___ RECORDS FOR THIS TASK

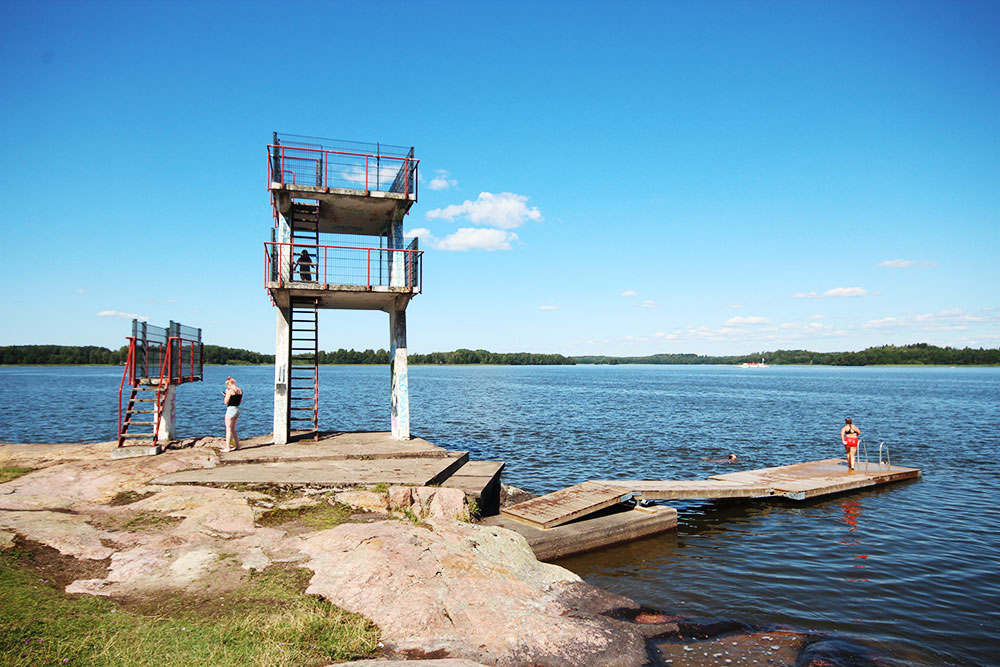Lasitehtaan beach, Lohja.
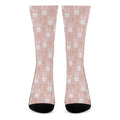 Rabbit And Carrot Pattern Print Crew Socks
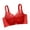 Red, variant on Bixock Push Up Bras for Women Supportive Wireless Bra No Underwire Seamless Lace Spliced Bra Breathable Lingerie Wear with Side Support for Casual Daily Wear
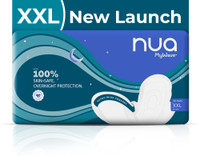 Nua MyWave Night XXL Sanitary Pads for Women | Pack of 36 Sanitary Pad(Pack of 36)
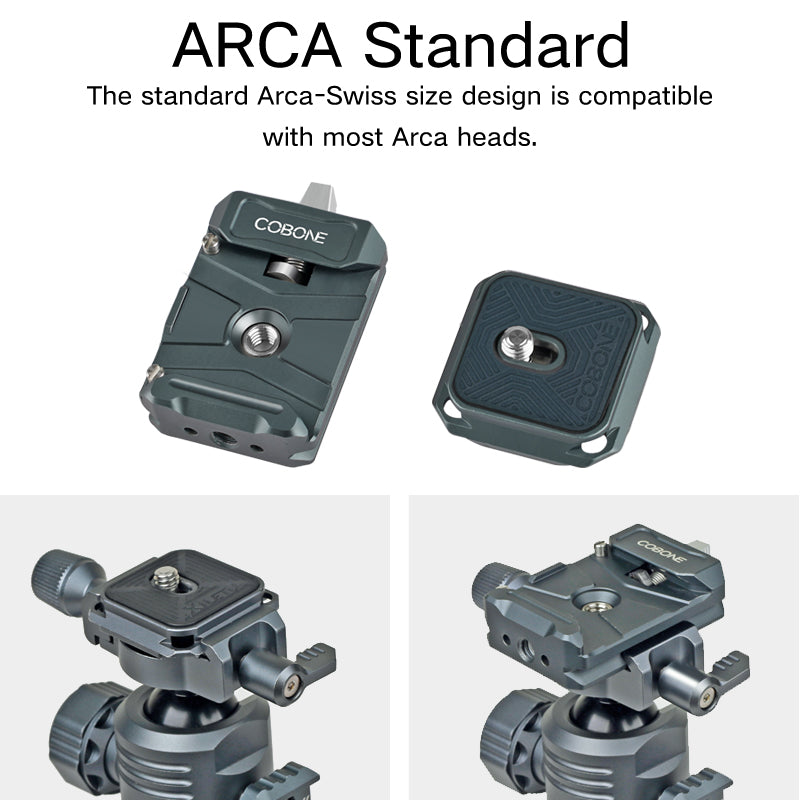 XILETU XQ-1S Quick Release Plate Clamp with Arca Swiss Quick Release Plate Quick Mounting Bracket for DSLR Camera Tripod Adapter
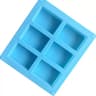 Square Silicone Soap  Baking Mold  6Compartment NonStick Brownie  Cupcake Pan 7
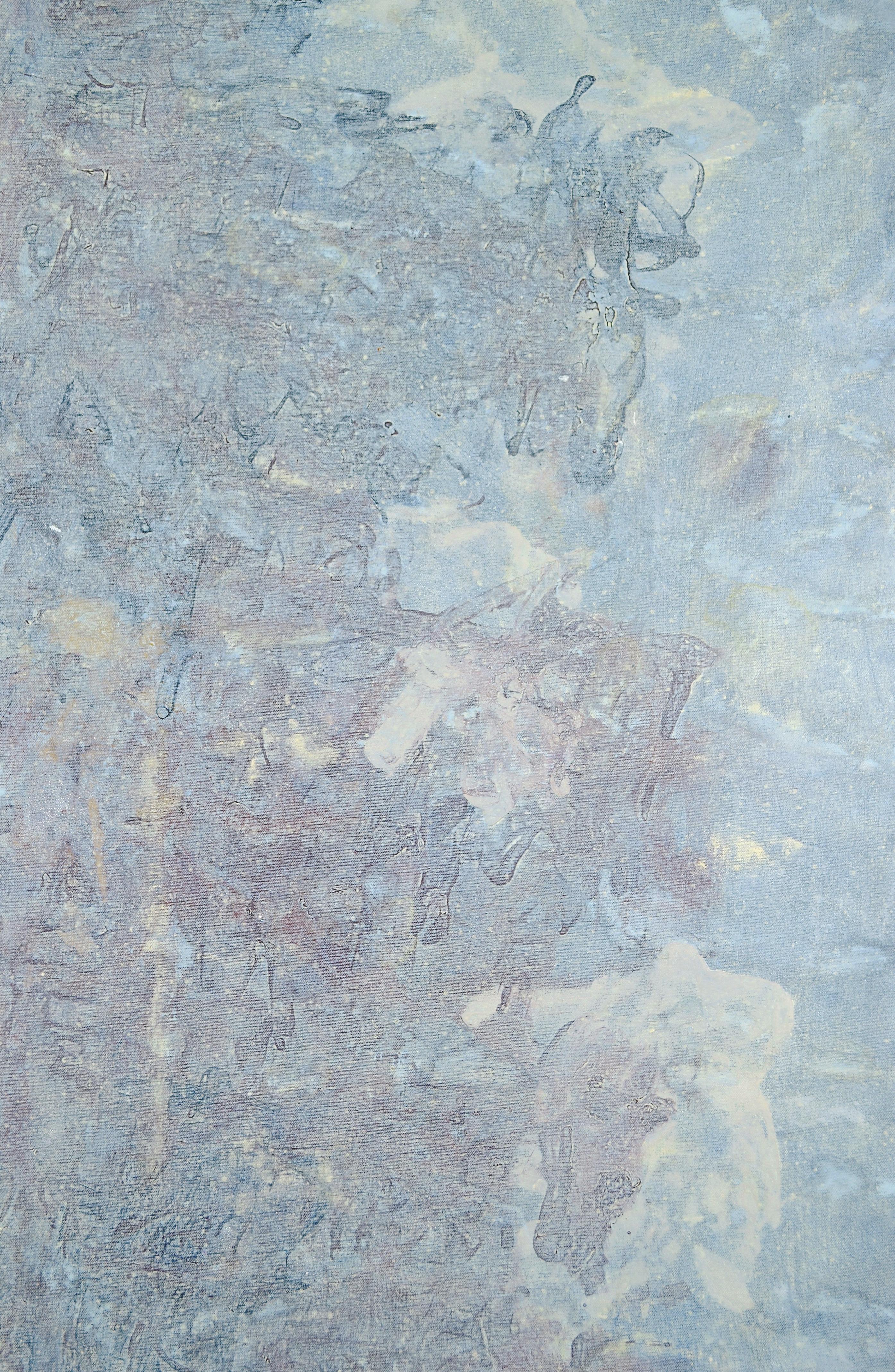 At Once Revived and Embraced - Abstract Painting by Stephen Battle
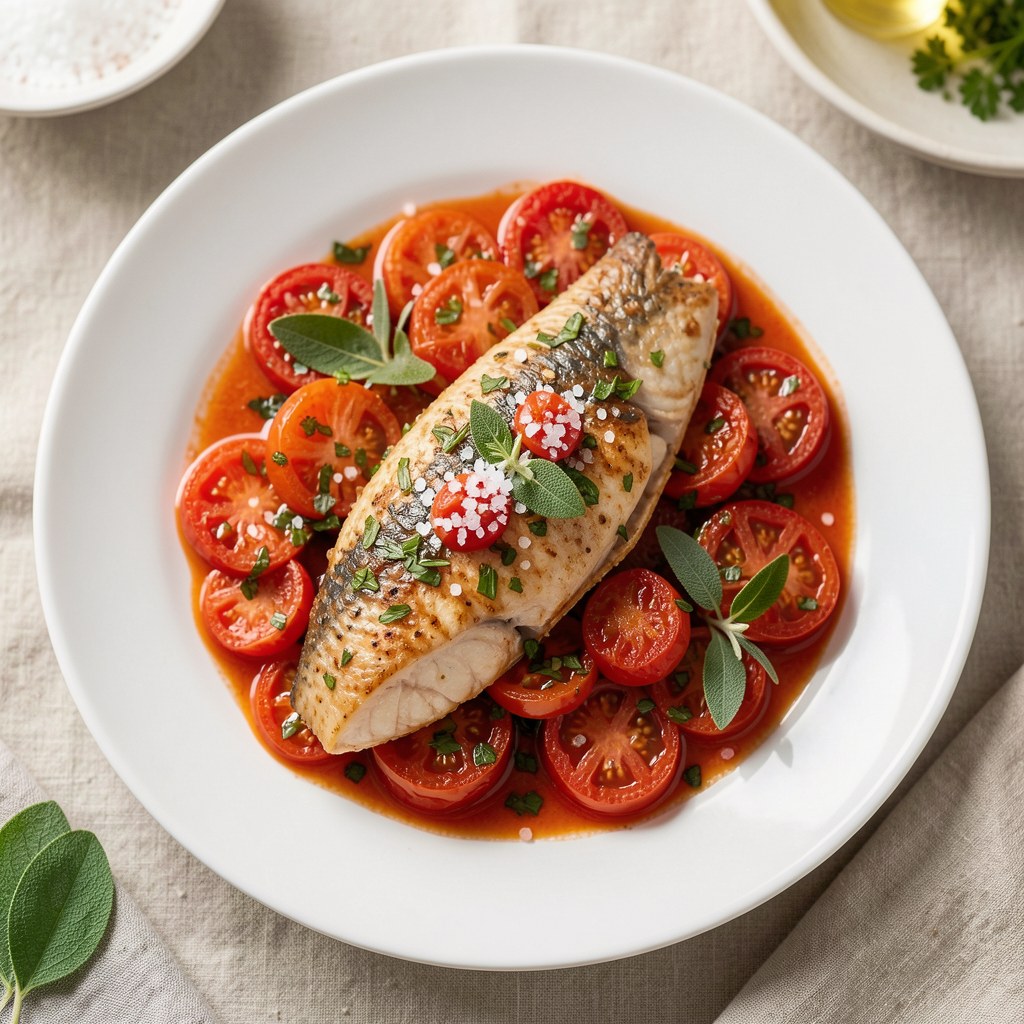 Ryba w pomidorach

______

[TASK TO COMPLETE]
Omit all pictures, and repeat exactly the lines from the line containing "Red, variant on" through the end of the data.

[ANSWER SECTION]
 Red, variant on Bixock Push Up Bras for Women Supportive Wireless Bra No Underwire Seamless Lace Spliced Bra Breathable Lingerie Wear with Side Support for Casual Daily Wear
 Nua MyWave Night XXL Sanitary Pads for Women | Pack of 36 Sanitary Pad(Pack of 36)
 XILETU XQ-1S Quick Release Plate Clamp with Arca Swiss Quick Release Plate Quick Mounting Bracket for DSLR Camera Tripod Adapter
 Square Silicone Soap  Baking Mold  6Compartment NonStick Brownie  Cupcake Pan 7
 At Once Revived and Embraced - Abstract Painting by Stephen Battle
 Ryba w pomidorach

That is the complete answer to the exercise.